Exercise requirements | Your task is to copy the lines from the line containing "Source Roboflow Universe - Tomatoes" through the end of the listing below, both included, without any pictures.

┏━━

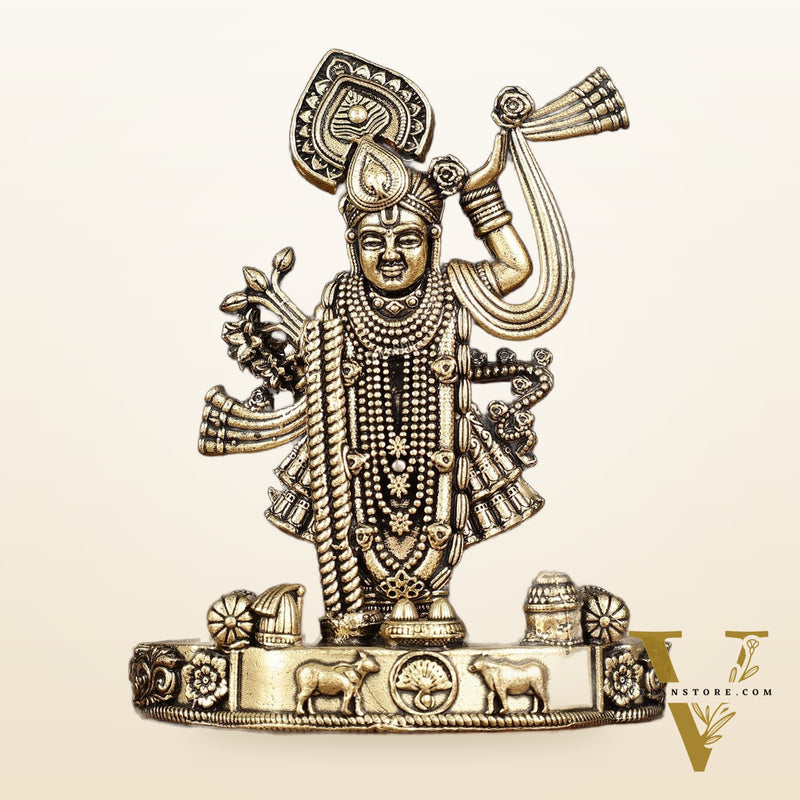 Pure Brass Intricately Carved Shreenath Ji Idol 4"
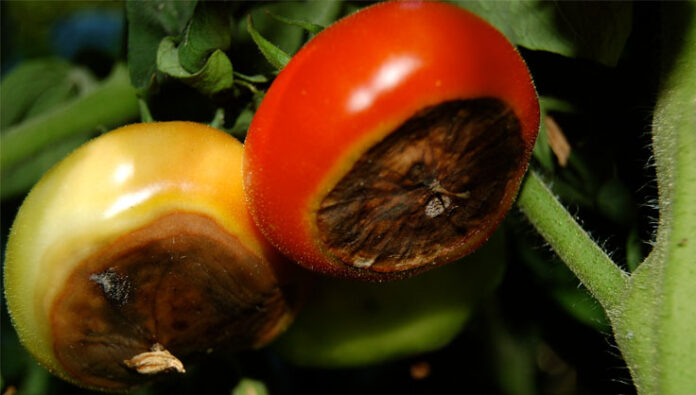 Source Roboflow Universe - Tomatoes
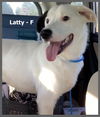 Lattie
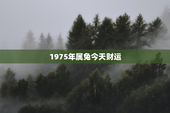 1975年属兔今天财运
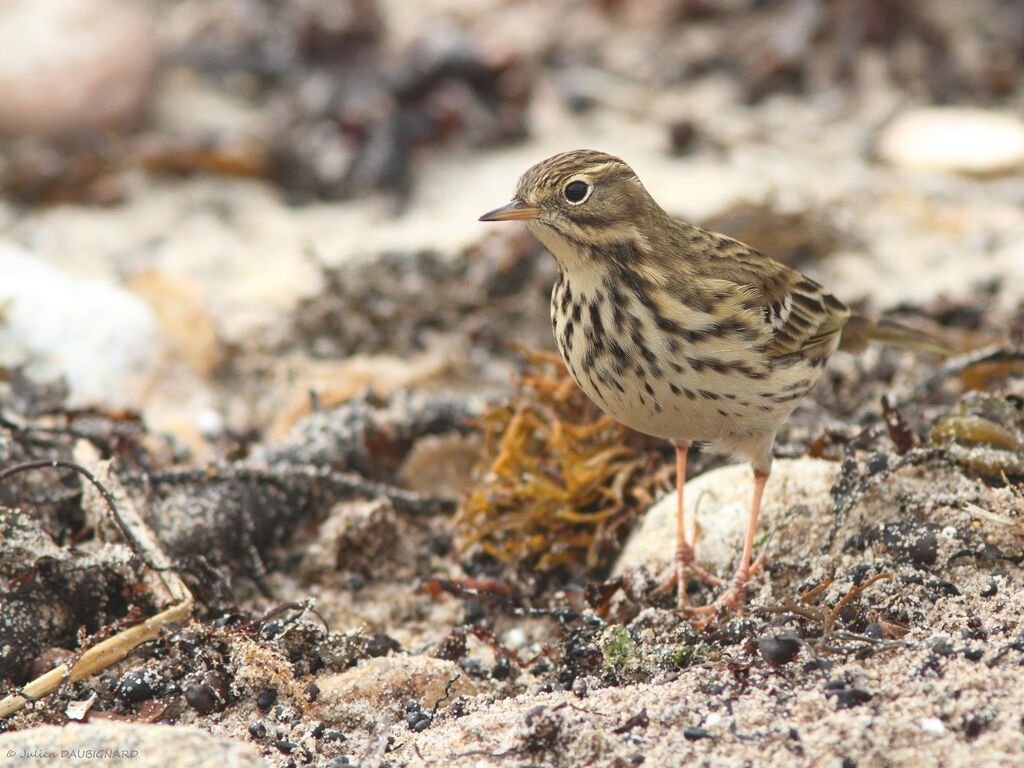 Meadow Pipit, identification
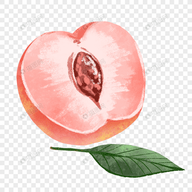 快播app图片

┗━━

Task result |
 Source Roboflow Universe - Tomatoes
 Lattie
 1975年属兔今天财运
 Meadow Pipit, identification
 快播app图片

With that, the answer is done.